By Staff | Feb 27, 2016

IOWA SECRETARY OF AGRICULTURE Bill Northey recaps a year of challenges in the 2015 production year, while encouraging producers to hang tough in the year ahead during the Northwest Iowa Ag Outlook Feb. 16 in Spencer.

SPENCER – Iowa produces so much corn, that only the U.S. as a whole, China and Brazil grows more. Even the European Union matches Iowa’s corn production.

Speaking at the Feb. 16 Northwest Iowa Ag Outlook in Spencer, Iowa Secretary of Agriculture Bill Northey congratulated Iowa’s grain producers for their record corn production this past year while at the same time cautiously encouraged them about the softer markets ahead.

Northey said Iowa farmers will be challenged to not only remain in farming, but to farm responsibly, keeping government regulators from dictating how farming will be done.

Record yields

“For 37 of the last 38 years Iowa has been the No. 1 corn-producing state in the country,” Northey said. “We averaged 192 bushels per acre all across the state.”

Northey said Iowa has held its own as the No. 1 soybean producing state for 20 of the last 25 years as well, with its best competition coming from Illinois.

He said the U.S., Brazil, Argentina and China used to produce more soybeans than the state of Iowa, but today Iowa produces more soybeans than China.

Northey added pork and beef production in Iowa have grown, especially finishing sites and cow/calf operations (with access to more distiller’s dried grains), and that only the U.S. and Brazil produce more ethanol than Iowa does.

Iowa is generally the largest-producing biodiesel state as well, according to Northey, who also said the 2002 ag census showed total ag sales (crops and livestock) from Iowa farms was $12 billion. By 2007 it was $20 billion and by 2012 it was $30 billion, where it remains today.

With markets now in a downward trend, Northey said he expects that number to be closer to $25 billion this year.

“There were operating notes this year that needed to be refinanced,” Northey said, “but when you look at where the general ag economy is, we’ve built equity these last few years and we have good strong balance sheets.”

“We’re not looking at 1983 – we’re looking at good, solid economics, but there are a handful of folks that haven’t had a chance to build that economic base to be able to fall back on,” he added. “There are struggles out there.”

Northey said land prices and cash rent have both declined, but still have a ways to go in order to make today’s markets pay out. Record production in corn, beans and wheat around the world, he said, contributes to a huge grain surplus and low market prices.

But a weather event such as a drought or flood could help change the markets.

Northey said the nation produces nearly 15 billion gallons of ethanol annually, using more than 5 billion bushels of corn in order to produce it at the 10 percent level.

Higher blends of ethanol are needed to help the demand for ethanol, but it’s a struggle.

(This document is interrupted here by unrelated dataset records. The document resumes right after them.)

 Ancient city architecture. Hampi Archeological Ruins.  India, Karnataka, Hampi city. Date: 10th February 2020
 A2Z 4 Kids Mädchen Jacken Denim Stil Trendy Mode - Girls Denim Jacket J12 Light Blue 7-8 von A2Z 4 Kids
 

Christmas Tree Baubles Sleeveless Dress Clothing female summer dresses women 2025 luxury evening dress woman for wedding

“Ethanol – even with low prices of crude oil – is still being sold on the wholesale market for less than the price of gasoline, so it’s hugely efficient and we should be seeing that grow, but it’s not happening,” Northey said, adding the RFS initiatives are fledgling now.

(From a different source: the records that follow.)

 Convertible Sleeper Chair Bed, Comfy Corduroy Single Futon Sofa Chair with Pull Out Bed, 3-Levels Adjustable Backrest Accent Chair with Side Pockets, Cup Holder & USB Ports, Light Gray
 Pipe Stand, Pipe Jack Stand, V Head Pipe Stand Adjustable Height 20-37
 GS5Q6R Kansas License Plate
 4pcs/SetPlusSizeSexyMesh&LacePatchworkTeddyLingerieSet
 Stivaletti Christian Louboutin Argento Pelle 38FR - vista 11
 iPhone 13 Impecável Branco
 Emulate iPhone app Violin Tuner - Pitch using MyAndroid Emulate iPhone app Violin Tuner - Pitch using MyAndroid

Extra grain goes to exports, Northey said, with China purchasing 60 percent of all soybeans traded on the international market, while Japan purchases 10 percent of U.S. soybeans.

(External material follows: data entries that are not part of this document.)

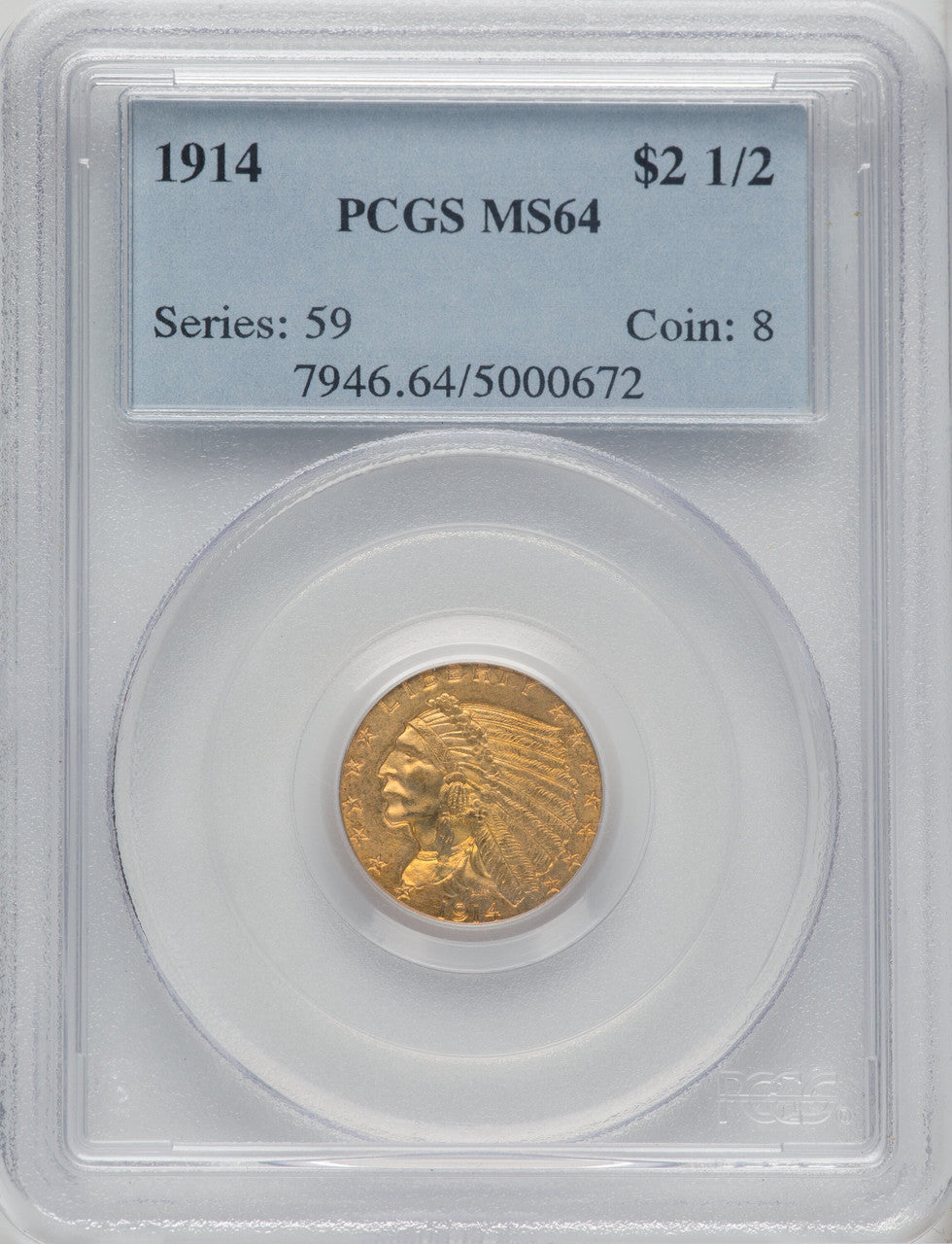1914 $2.50 Indian Quarter Eagle PCGS MS64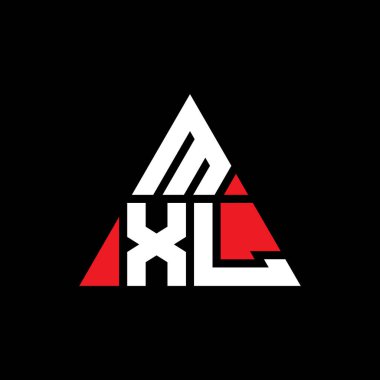 Üçgen şekilli MXL üçgen harf logosu tasarımı. MXL üçgen logo tasarımı monogramı. Kırmızı renkli MXL üçgen vektör şablonu. MXL üçgen logosu Basit, Zarif ve Lüks Logo.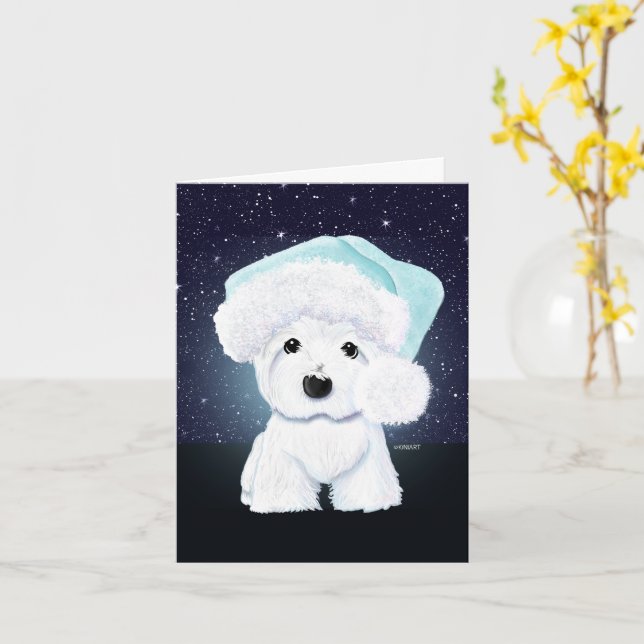 Christmas Night Westie Card (Yellow Flower)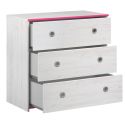 Commode 3 tiroirs aspect bois blanchi avec chants roses en façade - MISYLIA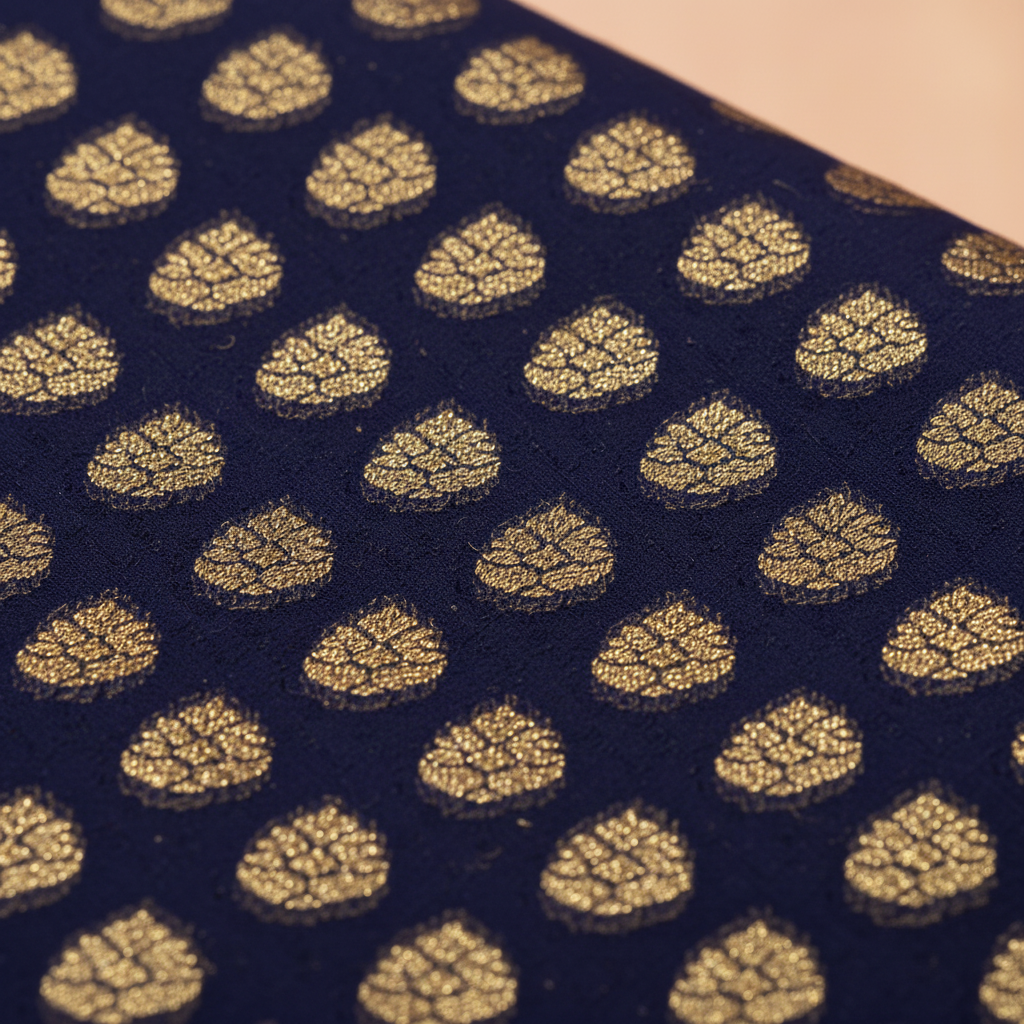 KUBERAN NAVY BLUE BANARASI KHADDI GEORGETTE SAREE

Northey said China’s economy is beginning to flatten, and those effects are felt in the U.S.

Illustrating China’s need for soybeans, he said there are 450 million hogs to feed in China, compared to 66 million hogs in the U.S.

“(China and international soybeans) will be the most important demand creator for awhile,” Northey said. “We have to keep finding that demand.”

DMWW lawsuit

Northey touched briefly on the Des Moines Water Works lawsuit, saying it was filed just over a year ago and is scheduled to be heard Aug. 16.

He said a judge has separated the case into 10 counts and eight have been sent to the Iowa Supreme Court, which has not yet responded on how it might rule.

“One of the questions is, ‘Can a drainage district be sued for damages?’ The law says ‘no,’ precedence says ‘no,’ but it’s one of the things they are trying to do,” Northey said, for having more than 10 parts per million in nitrates coming out of the drainage tiles 180 miles from the Des Moines River.

“I think it’s a heavy legal lift for the Des Moines Water Works to get what they want,” Northey said, adding that the nitrate problems don’t stem solely from agriculture.

He said this will be an ongoing lawsuit for years, and that farmers must continue to be proactive in seeking ways to protect water quality and prevent run-off.

Northey encouraged producers to use buffer strips and new technologies to maintain soil health, protect water quality and prevent water runoff issues, referring back to the $1.5 million the Des Moines Water Works said it spent last year in treating water for 500,000 customers.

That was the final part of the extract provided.